*Problem statement*:
All pictures are to be dropped, and the remaining data set down exactly.

*Given information*:
__________________________________________________

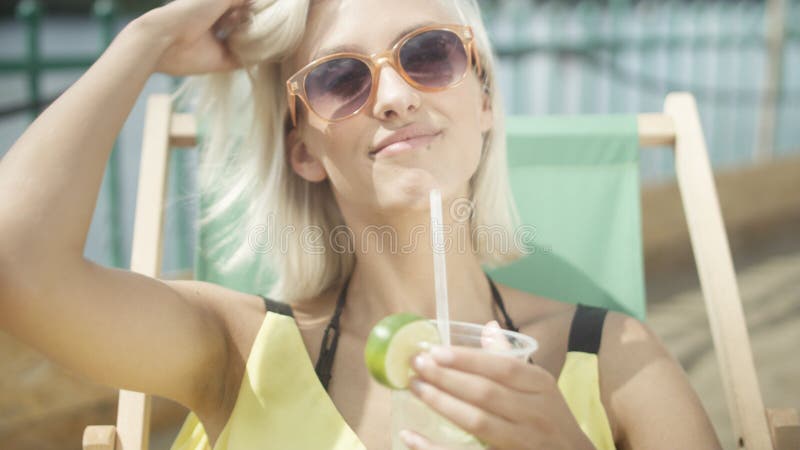 Sluit omhoog van een vrouw die een tropische die mojitococktail drinken met vers fruit door een stro op haar de zomervakantie wor stock fotografie Sluit omhoog van een vrouw die een tropische die mojitococktail drinken met vers fruit door een stro op haar de zomervakantie wor stock fotografie
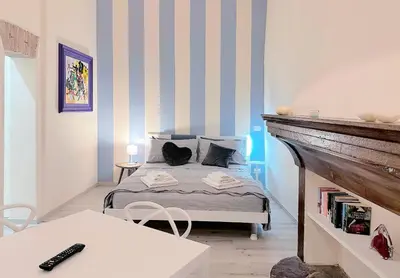 Letto o letti in una camera di 300m dal Duomo - Due Magnifici Appartamenti Moderni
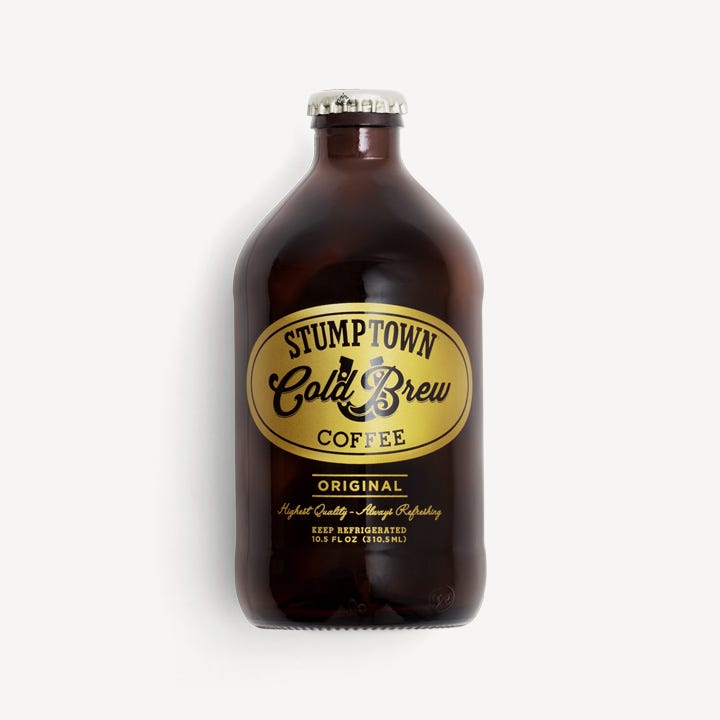 Brown, Bottle, Liquid, Bottle cap, Alcohol, Alcoholic beverage, Glass bottle, Logo, Font, Black,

__________________________________________________

*Response box*:
 Sluit omhoog van een vrouw die een tropische die mojitococktail drinken met vers fruit door een stro op haar de zomervakantie wor stock fotografie Sluit omhoog van een vrouw die een tropische die mojitococktail drinken met vers fruit door een stro op haar de zomervakantie wor stock fotografie
 Letto o letti in una camera di 300m dal Duomo - Due Magnifici Appartamenti Moderni
 Brown, Bottle, Liquid, Bottle cap, Alcohol, Alcoholic beverage, Glass bottle, Logo, Font, Black,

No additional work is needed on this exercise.